Deliberadamente, el punto intermedio de la gama
Los establecimientos suelen considerar inicialmente dos opciones: una pulsera adhesiva económica de un día o una pulsera moldeada de silicona. Entre ambas hay una brecha considerable, y muchas operaciones reales encajan en ella: un pase de piscina de tres días, un programa de casilleros por temporada o una semana de campamento.
Una pulsera de vinilo encapsulado cubre esa necesidad intermedia. Tiene un cierre adecuado, resiste el agua, puede recuperarse y limpiarse, y admite impresión en toda su superficie, como una pulsera de un día. No es un producto de alta gama ni pretende serlo.
Cómo protege la encapsulación la credencial de acceso
Dos capas de vinilo se sueldan alrededor del inserto RFID, de modo que la credencial de acceso queda encerrada por un sello continuo en lugar de alojarse en un bolsillo o detrás de una tapa. En condiciones normales de uso no existe una vía de entrada de agua, lo que permite usar repetidamente la pulsera en una piscina sin añadir una carcasa sellada para el módulo.
La soldadura es la parte que hay que inspeccionar. Una pulsera que se ha doblado con fuerza en la línea de soldadura —lo cual ocurre si se almacena con pliegues— puede empezar a delaminarse en un borde, y un borde delaminado es la advertencia visible de que la pulsera debe salir de circulación.
Cómo elegir la variante de cierre
El broche reutilizable se abre y se cierra, por lo que resulta adecuado para un programa de recuperación y reemisión. La variante con cierre irreversible queda trabada al cerrarse, lo que conviene a una admisión de pago cuando el riesgo es la transferencia. La pulsera es la misma; la elección del cierre es lo que define el programa.

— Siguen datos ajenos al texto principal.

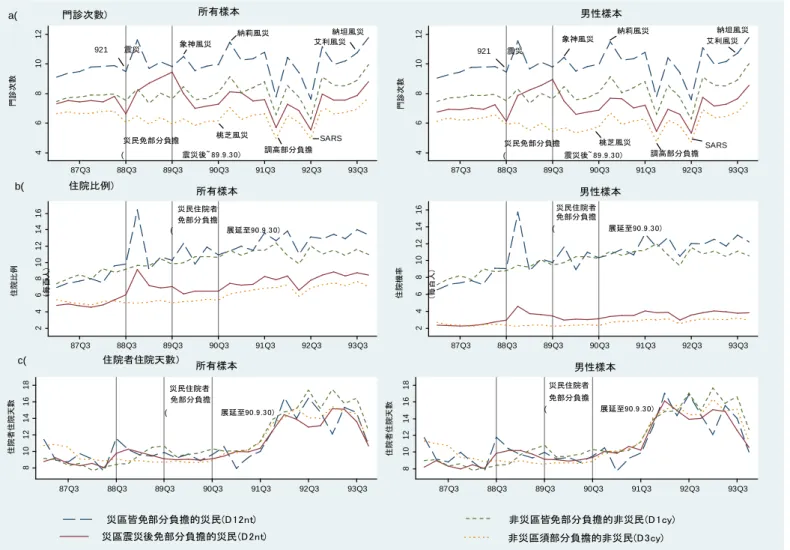 圖  3  各類樣本門診次數、住院比例與住院者住院天數之醫療利用趨勢圖  災民免部分負擔 ( 震災後~ 89.9.30) SARS納莉風災 艾利風災 納坦風災a(門診次數)所有樣本象神風災桃芝風災調高部分負擔4681012門診次數 87Q3 88Q3 89Q3 90Q3 91Q3 92Q3 93Q3921震災 921 震災 災民免部分負擔( 震災後~ 89.9.30)象神風災 桃芝風災 SARS調高部分負擔納莉風災 艾利風災 納坦風災4681012門診次數87Q388Q389Q390Q391Q392Q393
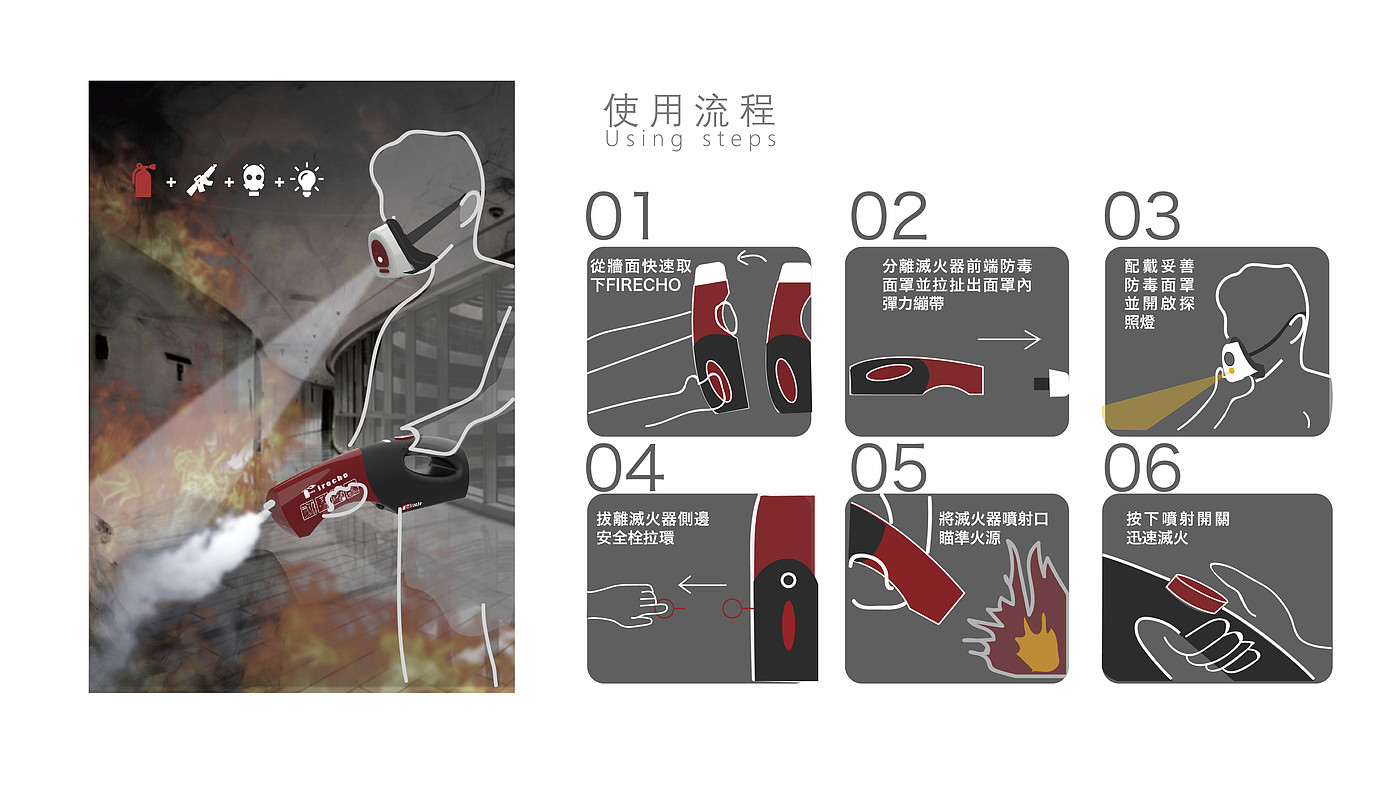 rescue，fire，Fire Extinguisher，Protective equipment，first aid，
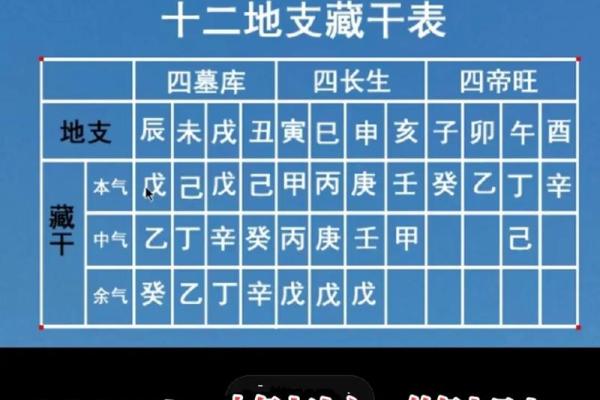 通过今日八字分析,掌握人生机遇与挑战 通过今日八字分析,掌握人生机遇与挑战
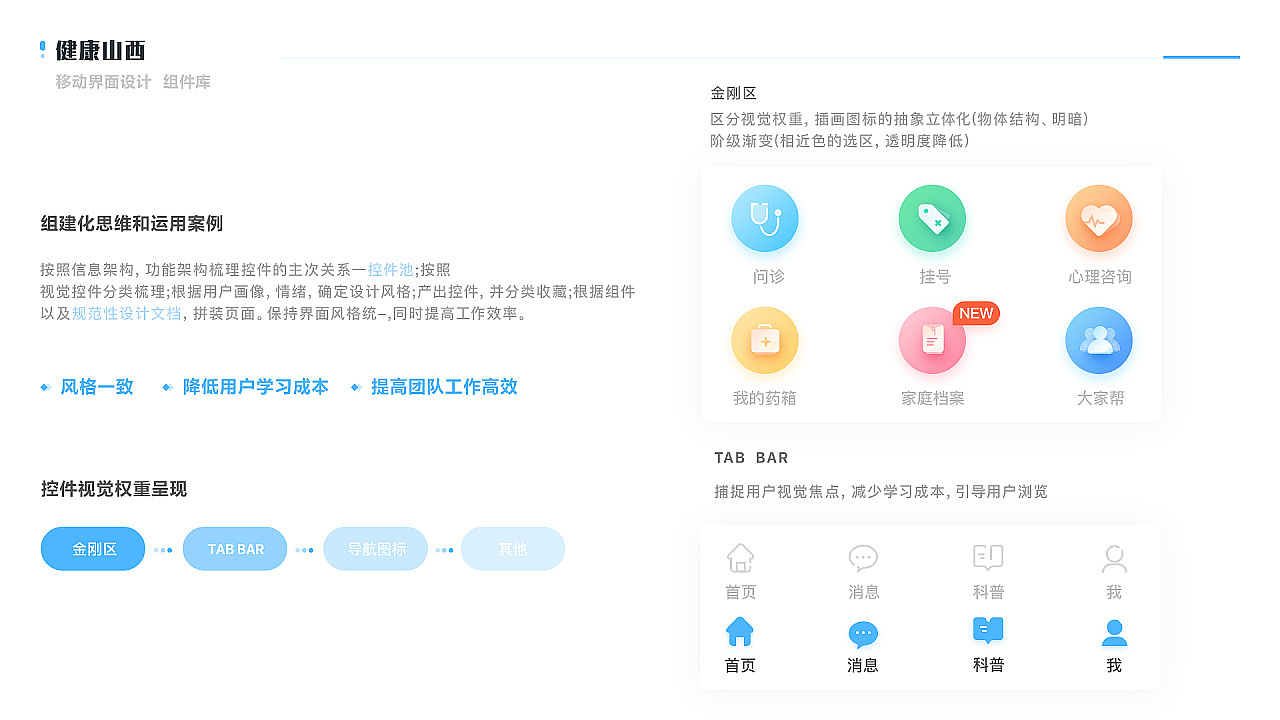 健康管理平台（图ZMjQ4Nzc3MDgw） - 软件界面 - 站酷设计师点点星光_原创素材 - 站酷ZCOOL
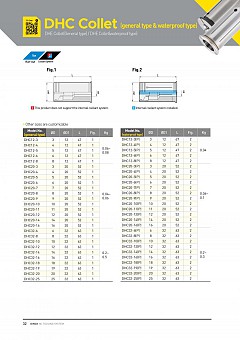 Collect DHC Dinox loại thường và có làm mát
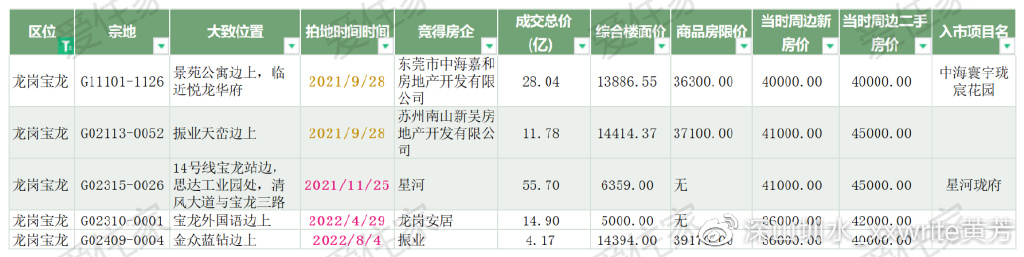 走下天价神坛：深圳4大名校东进，200万上车的学位房跟2000万一样香么休闲区蓝鸢梦想 - Www.slyday.coM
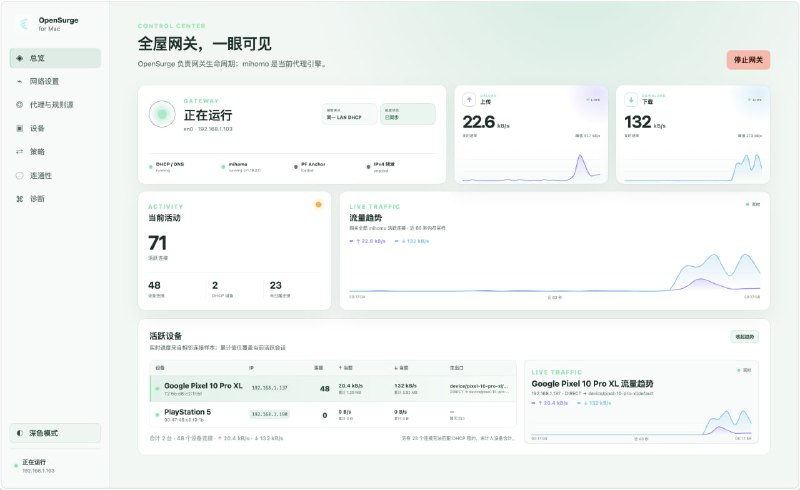 🧭 #优质应用 📂 软件名称：OpenSurge for Mac 🍏 支持平台：#macOS  📊 软件价格：免费 🪟 软件简介：一个开源的 Surge 风格 macOS 网关与控制工具，将 Mac 转换为全屋透明代理网关，支持 IPv4 和 IPv6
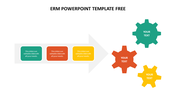 ERM PowerPoint template featuring a process flow with colored boxes leading to interconnected gears for text.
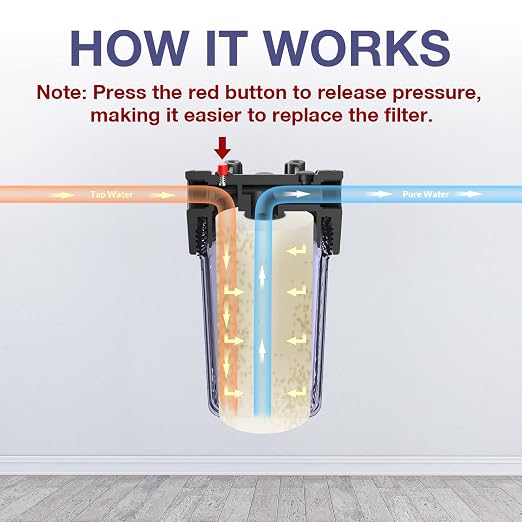 SimPure Whole House Water Big Filter Housing, Sediment Water Filter System - Image 6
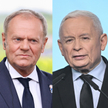 Liderzy partii cieszących się największym poparciem: Sławomir Mentzen (Konfederacja), Donald Tusk (K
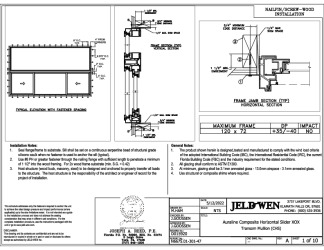 PR Instl Docs FL31993 R4 II D015920 - Auraline Composite HS XOX Transom Mullion (CHS) FBC Installs 5-12-22 SEALED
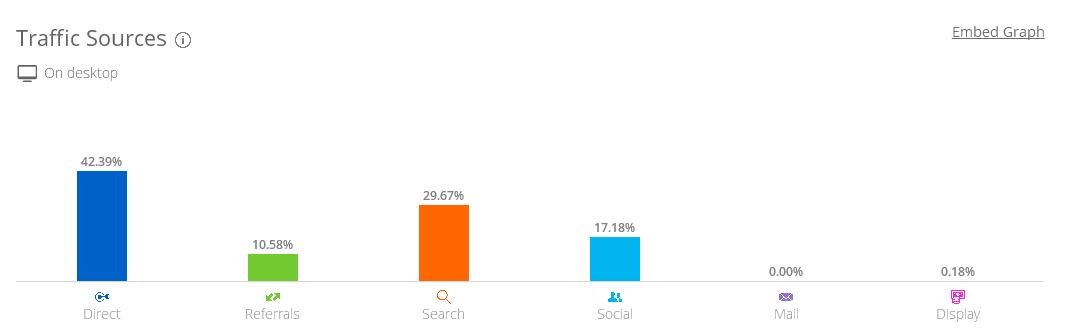 继续分享几个shopifycosplay店铺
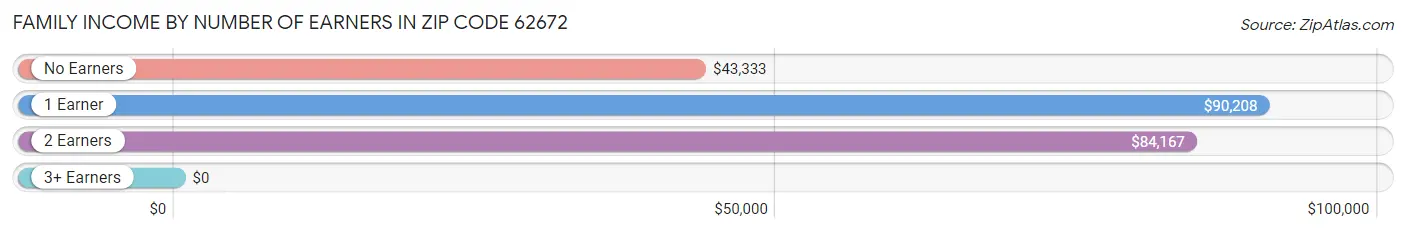 Family Income by Number of Earners in Zip Code 62672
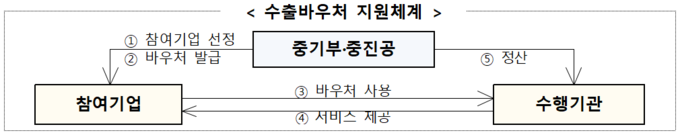 수출바우처 지원체계 (중소벤처기업부 제공)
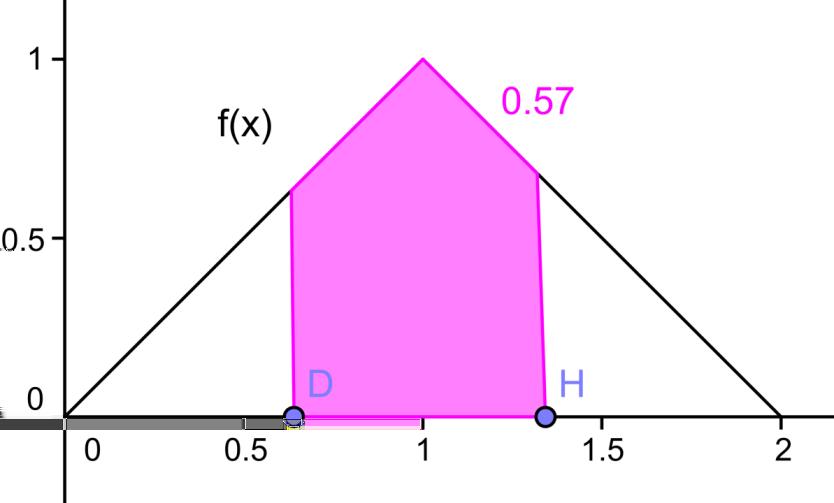 3. Denominamos Función de Distribución de la variable X a la función tal que F : R [0, 1] x F (x) := P (X x) Es decir, la función de distribución asigna a cada x R el área que queda a la izquierda de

Un establecimiento que opere ambas variantes —con cierre reutilizable para titulares de pases de temporada y cierre irreversible para visitantes de día— debe especificar una diferencia visible entre ellas, generalmente el color, para que el personal nunca tenga que inspeccionar el cierre a fin de saber a qué grupo pertenece un huésped.
Las variantes con cierre reutilizable e irreversible son idénticas salvo por el cierre. Cuando un establecimiento utilice ambas, deben asignárseles colores distintos para que el personal pueda distinguir a los titulares de pases de temporada de los visitantes de un día sin inspeccionar el cierre.
Impresión en toda la cara
El vinilo admite impresión a todo color en toda la banda, lo que ofrece mucha más área de diseño gráfico que la cara de una pulsera moldeada. Patrocinadores, información de sesión, avisos de seguridad y la marca del establecimiento pueden coexistir sin saturar el espacio.
La impresión queda en la superficie, por lo que pierde viveza con la abrasión durante una temporada, como cualquier capa impresa. Esto es irrelevante para una pulsera cuya vida útil se mide en semanas; en una pulsera reemitida durante toda la temporada, debe preverse y elegirse colores que sigan siendo legibles cuando la superficie haya perdido intensidad.
Recuperación, limpieza y almacenamiento
La superficie se limpia con un paño y la construcción no tiene tela que retenga agua, por lo que un ciclo de recuperación, limpieza y reemisión resulta verdaderamente práctico. Lo que limita la reutilización es el almacenamiento: las pulseras almacenadas dobladas o comprimidas desarrollan pliegues en la soldadura, que es donde eventualmente fallan.
Almacenarlas planas o enrolladas sin apretar no cuesta nada y aumenta sustancialmente el número de ciclos que la pulsera resiste. Es la instrucción operativa más útil para esta construcción.
Cuándo este no es el modelo adecuado
No es adecuada para un programa de huéspedes de alta gama: el material tiene una apariencia funcional y ningún diseño gráfico puede cambiarla. Tampoco conviene para uso continuo durante varias semanas, cuando una pulsera moldeada o de tela resulta más cómoda.
Tampoco es adecuada para una única sesión corta, cuando una pulsera adhesiva de un día cumple la misma función a menor costo y no necesita recuperarse.